• Remue-ménage à la ménagerie

    Le 14 juillet 2022 marque le centenaire de l’inauguration du musée Paul-Renouard dans les locaux de l’ancien évêché, qui abritait alors le musée des Beaux-Arts et le musée d’histoire naturelle. L’événement est suffisamment important pour être relaté dans les journaux de l’époque. Pourtant, le muséum se trouve à l’heure actuelle dans l’ancien couvent des Jacobins de Blois. Comment expliquer ce changement de localisation ? Des photographies non datées, présentes dans nos fonds d’archives, illustrent un déménagement de pièces-maîtresses issues des collections scientifiques, un lion et un gorille, faisant émerger plus de questions que de réponses… Tentons de retracer ensemble l’itinéraire des collections du muséum !

     

    Un musée florissant

     

    FRAD041_75_Fi_00001

    Tout d’abord, rappelons que le premier musée d’histoire naturelle à proprement parler voit le jour en 1903 à l’initiative de la Société d’histoire naturelle. Cette dernière a, dès sa création en 1881, le projet d’organiser un musée où « les jeunes et leurs maîtres pourraient puiser une information”. Inaugurés le 31 mai 1903, les locaux du château de Blois attribués aux collections scientifiques se révèlent rapidement exigus. En effet, les divers dons faits à la Société et les acquisitions de cette dernière viennent considérablement enrichir les collections. Celles-ci sont donc confiées à la ville, dans le but de rechercher des locaux plus adaptés. Une délibération du conseil municipal du 22 juillet 1910 formalise ce don. Dès 1911, la ville envisage de déménager les collections à l’ancien évêché, laissé vacant depuis la loi de séparation des Églises et de l’État en 1905, pour y constituer un musée. Les Archives départementales conservent plusieurs devis concernant des travaux d’envergure pour l’aménagement et le transfert des collections artistiques et scientifiques.

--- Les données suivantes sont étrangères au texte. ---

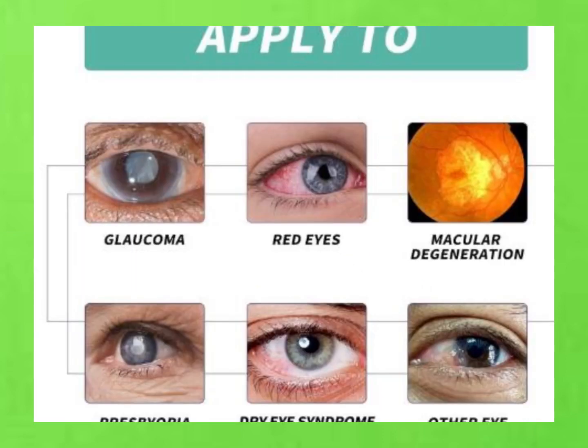All right, check out the Vision Enhance Roller. It's like a little magic wand for your eyes, perfect if you've been feeling tired or strained lately.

    Hélas ! La Grande Guerre vient couper ce bel élan. L’ancien palais épiscopal transformé en hôpital militaire subit des transformations et des dégradations. Quid des collections ? À la fin des conflits, d’importants travaux de restauration doivent être entrepris pour que les spécimens puissent à nouveau décemment y prendre place.

     

    L’inauguration du musée Paul-Renouard, baptisé ainsi en l’honneur du généreux artiste donateur loir-et-chérien, a enfin lieu le 14 juillet 1922. Diverses sources d’archives soulignent alors la qualité des collections dans les domaines du règne animal, végétal et minéral qui en font un des plus beaux musées de France.

     

    Le chamboule-tout de la Seconde Guerre mondiale

     

    L’histoire ne s’arrête pas là ! Avec la Seconde Guerre mondiale et les bombardements destructeurs de juin 1940, le tout récent musée Paul-Renouard répond à l’urgence d’héberger l’Hôtel de ville dont les locaux situés sur le quai du Mail ont été anéantis.

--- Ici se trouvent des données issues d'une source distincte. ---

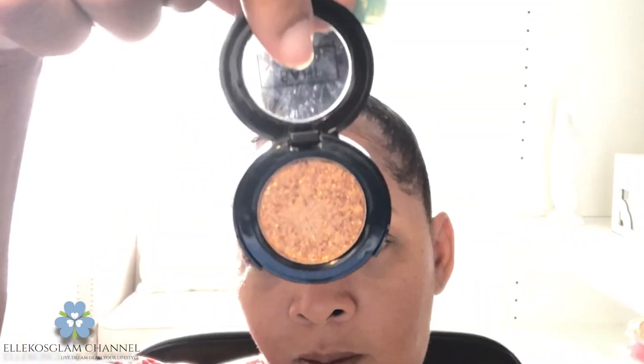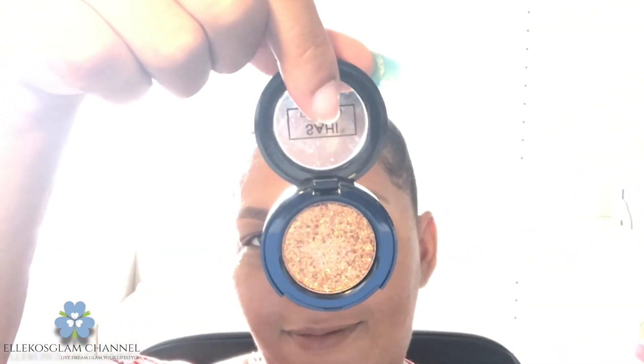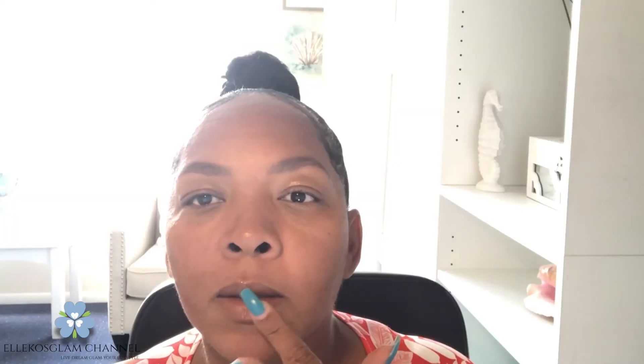The color payoff for this shadow is amazing — I recommend it, you have to get it. I'm going to pick up that eyeshadow one more time and use it on my lips over the contour. I'm just testing it to see if I would love it on my lips — and I loved it.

    Commence alors une période obscure concernant la localisation des collections du musée d’histoire naturelle. Il est fort probable que leur déménagement se soit déroulé en plusieurs phases. Un article publié dans La Renaissance de Loir-et-Cher le 26 janvier 1956 tente de retracer l’itinérance des collections. Dans un premier temps, face à l’avancée des Allemands, les pièces les plus rares auraient été mises à l’abri dans l’hôtel Vibraye, rue Augustin-Thierry, prêté par Monsieur Delamarre de Monchaux, conservateur. Puis, après l’installation de l’Hôtel de ville dans les murs de l’ancien évêché durant l’été 1940, une partie des collections aurait été stockée, pendant quelques mois, dans l’école Louis XII avant de rejoindre l’aile sud du bâtiment Gaston d’Orléans, au château de Blois.

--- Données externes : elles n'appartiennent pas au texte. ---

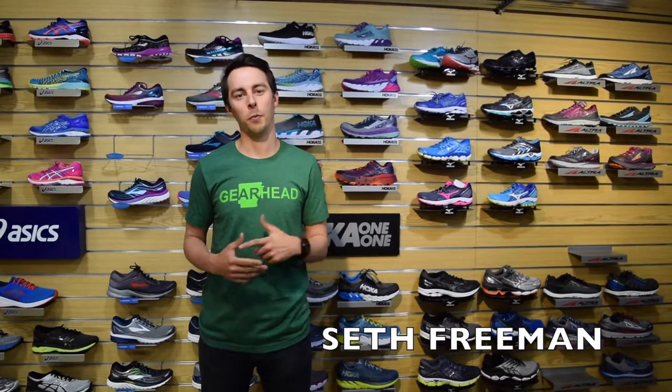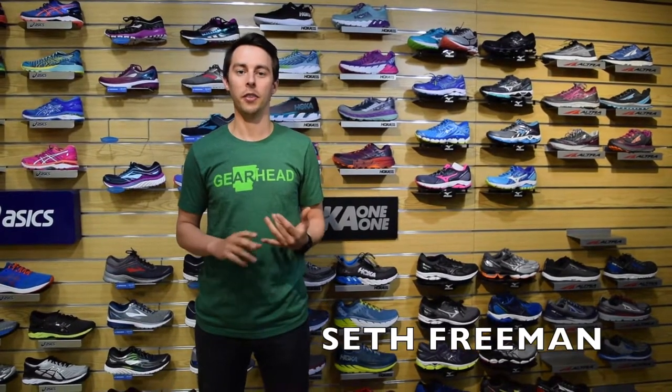Hey guys, it's Seth and this is week two of our Fit, Form, and Fabric series. Today we're going to be talking about form. The three things we want to focus on are posture, balance, and cadence.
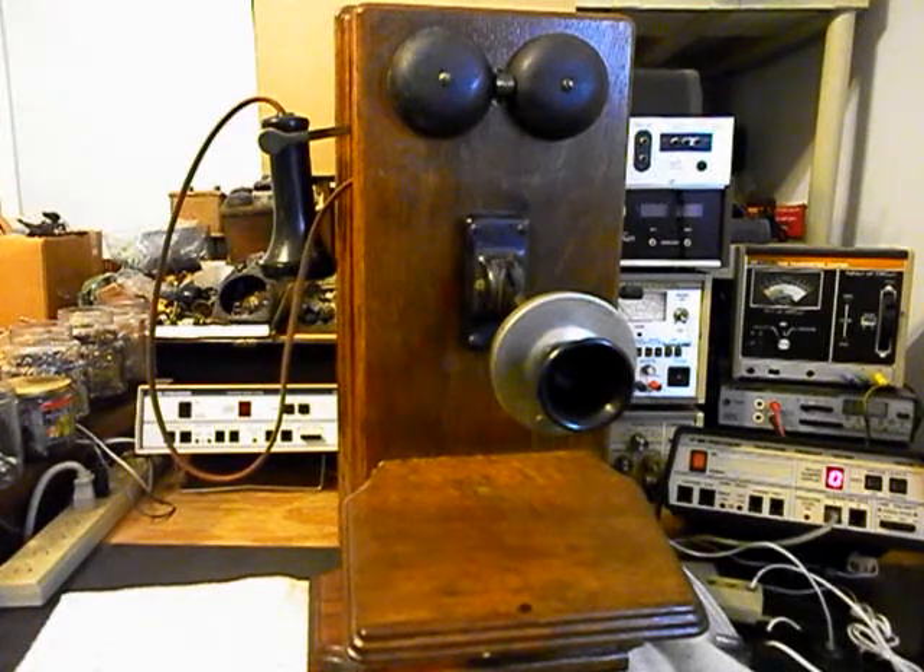We installed our modular port so Aaron can simply bring in any line cord, any length, any color, bring it through the back of the telephone, and plug it into the port — a simple, easy, clean connection. We also installed our circuit that we designed here at the shop that allows you to walk up to this telephone, crank the magneto, and ring the bells, but not back-feed any voltage into the telephone line. And yet, when you get a call that comes in, your original bells will also ring.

    Pour éclairer cette période trouble de l’histoire, une exploration approfondie des sources conservées aux Archives municipales de Blois et dans les fonds documentaires du muséum et du château serait sans doute fort utile : des recherches complémentaires pourraient ainsi mettre en lumière un retour échelonné des collections, disséminées de-ci de-là.

     

    FRAD041_166_Fi_00699

    Une chose est sûre : si l’emblématique Georges l’hippopotame et beaucoup d’autres spécimens ont bien rejoint le muséum des Jacobins depuis 1984, certains de leurs comparses séjournent encore au château, faute d’avoir pu être accueillis et exposés dans d’autres locaux depuis les années 1940. Les inventaires mentionnés dans les bulletins de la Société d’histoire naturelle et les témoignages recueillis dans la presse locale des années 1950 et 1960 laissent même à penser que certaines pièces auraient pu être perdues.

     

    Quarante années dans les oubliettes ?

     

    Suite aux événements de la Seconde Guerre mondiale, le muséum a connu une longue période de mise en sommeil. Des projets de restauration et d’exposition exhaustive des collections ont été régulièrement envisagés sans pouvoir aboutir. Seule une petite partie du patrimoine scientifique demeure exposée au public au château.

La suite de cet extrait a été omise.